++++ EXTRACTED INFORMATION

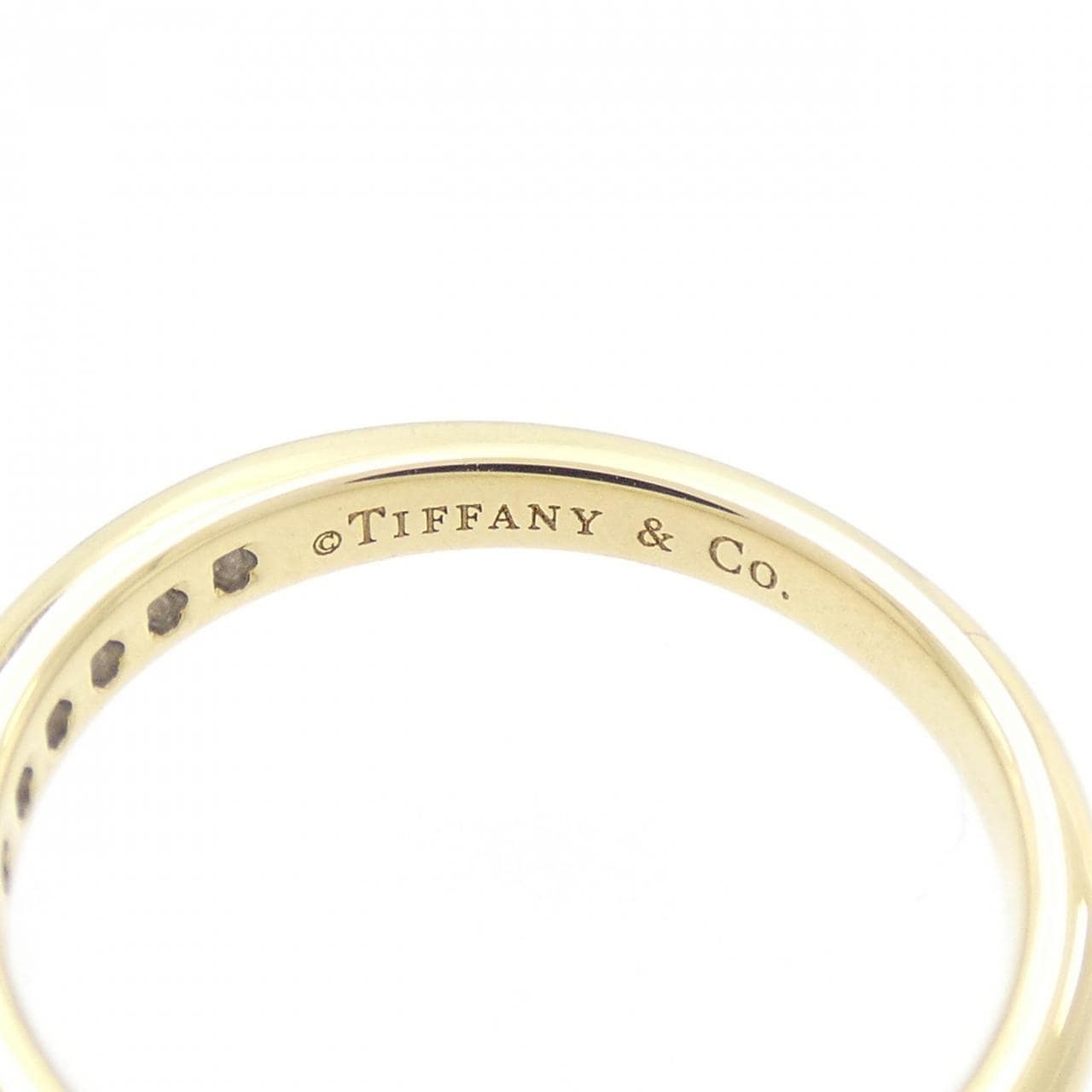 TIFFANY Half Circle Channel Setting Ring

++++++++
++++ EXTRACTED INFORMATION

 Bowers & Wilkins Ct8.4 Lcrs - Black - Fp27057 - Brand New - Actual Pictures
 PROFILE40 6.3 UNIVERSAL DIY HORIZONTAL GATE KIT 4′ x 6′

++++++++
++++ EXTRACTED INFORMATION

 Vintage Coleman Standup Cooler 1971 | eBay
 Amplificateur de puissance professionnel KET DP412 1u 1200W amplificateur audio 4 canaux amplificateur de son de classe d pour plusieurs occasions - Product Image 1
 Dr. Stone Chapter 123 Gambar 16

++++++++

## WORK REQUIRED
Only the lines above from the line with "Bowers & Wilkins" to the line with "PROFILE40 6.3 UNIVERSAL", those two lines included, should be reproduced exactly.

## SOLUTION FOR THIS TASK
 Bowers & Wilkins Ct8.4 Lcrs - Black - Fp27057 - Brand New - Actual Pictures
 PROFILE40 6.3 UNIVERSAL DIY HORIZONTAL GATE KIT 4′ x 6′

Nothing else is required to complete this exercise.